La course aux missiles air-air à très longue portée s’accélère entre les Etats-Unis, la Chine et la Russie

A partir du début des années 60, la montée en puissance de la flotte de bombardiers à long rayon d’action soviétique devint un problème majeur pour l’US Air Force et l’Us Navy. Pour tenter de protéger la flotte des raids de bombardiers Tu-95, Tu-16 et Tu-22 armés de puissants missiles anti-navires souvent supersoniques, l’US navy développa simultanément deux systèmes d’arme complémentaires : le triptyque composé du missile surface-air SM-2, du radar SPY-1 et du système AEGIS qui équipa les croiseurs de la classe Ticonderoga puis les Destroyers Arleigh Burke pour répondre à la saturation potentielle des systèmes de defense traditionnels qui nécessitaient un radar de pointage par missile; et le missile air-air à longue portée et à guidage actif AIM-54 Phoenix qui devint l’arme de prédilection de l’intercepteur embarqué F-14 Tomcat. Si le missile et son avion porteur, qui furent crédités de 78 victoires dans le conflit Iran-Irak, mais d’aucun succès aux mains des pilotes de l’US Navy, ont été retirés du service depuis de nombreuses années, la nécessité de pouvoir intercepter des aéronefs ennemis à de très longues distances, elle, est demeurée. C’est ainsi qu’au début des années 90, apparurent dans un court laps de temps 3 missiles, alors considérés à très longue portée, l’AIM-120 AMRAAM américain en 1991, le MICA français en 1996, et le R77 russe en 2001, des missiles capables de détruire une cible entre 80 et 100 km de distance, et disposant d’un système de guidage radar actif pour se diriger, contrairement aux missiles à guidage semi-actifs comme les AIM-7 Sparrow ou Super-530 de génération précédente.

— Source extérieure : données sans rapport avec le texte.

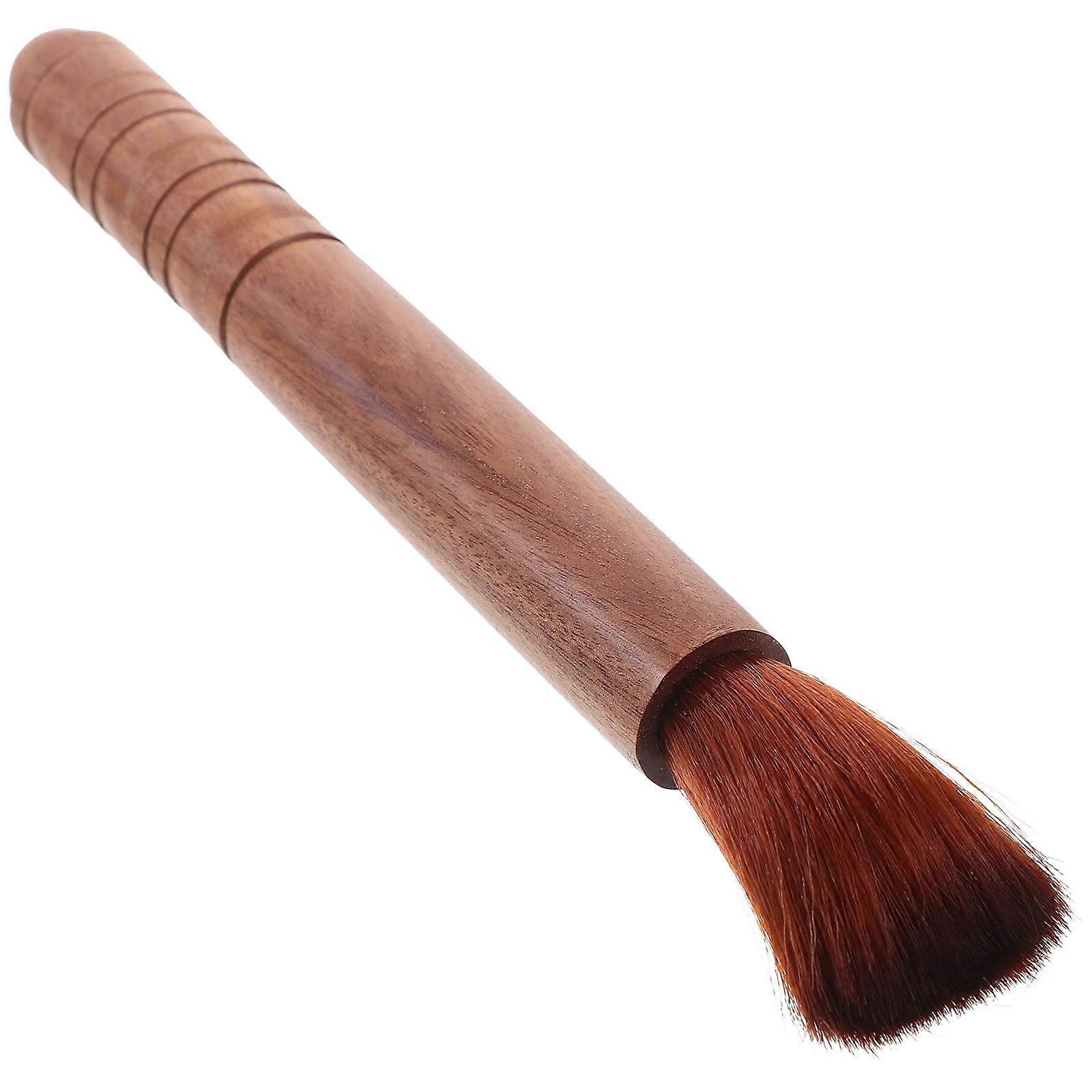 Natural Wood Teapot Cleaning Brush with Bristles – Calligraphy Style Handle for Tea Residue Removal and Even Tea Spread, Ideal for Tea Ceremony Use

Le nouveau missile américain démontra rapidement ses capacités, en abattant un Mig-25 irakien en 1992, à peine une année après être entrée en service, puis un Mig-23 l’année suivante. Il s’imposa rapidement comme un standard occidental, aux cotés du MICA français lui aussi très performant, et du Vympel R-77 russe, désigné AA-12 Ader par l’OTAN, mais souvent qualifié de Amraamsky du fait de sa ressemblance avec le missile américain. Leur portée, autour de 100 km, était alors cohérente avec les capacités de détection et d’identification en combat Beyond Visual Range, ou BVR, c’est à dire au delà de la portée visuelle, nécessitant des moyens de détection et d’identification radar pour confirmer la nature de la cible. Pendant prés de 15 ans, la situation technologique évolua très peu, en grande partie du fait de l’apaisement géopolitique mondial et du faible risque de conflits de haute intensité. Les missiles furent certes modernisés, leur portée et leur précision étendues, mais sans changement radical de capacité.

Le Meteor européen est propulsé par un statoréacteur, et sa manœuvrabilité lui offre une No Escape zone de 60 km, 3 fois plus importante que celle de l’AMRAAM

Les choses changèrent cependant au cours de la décennie 2010, avec l’arrivée de deux nouveaux missiles à longue portée, le Meteor européen, et le PL-15 chinois, des missiles capables de frapper des cibles distantes de plus de 150 km, en s’appuyant sur une interconnexion entre le missile et le tireur, pour permettre un guidage progressif lors du vol. De par leurs capacités, ces nouveaux missiles firent naitre une nouvelle menace, non pas sur les chasseurs et les bombardiers, mais sur les avions de soutien, comme les avions ravitailleurs, les avions de veille aérienne avancée, ou Awacs, ou les avions de surveillance et de guerre électronique, en d’autres termes, tous les appareils aujourd’hui indispensables à la conduite d’une guerre aérienne moderne, mais traditionnellement en retrait de la ligne d’engagement. Cependant, cette portée parut rapidement insuffisante aux puissances aériennes, qui dès le milieux des années 2010, entamèrent le developpement d’une nouvelle génération de missiles air-air à très longue portée, capables d’atteindre des cibles au delà de 250 km.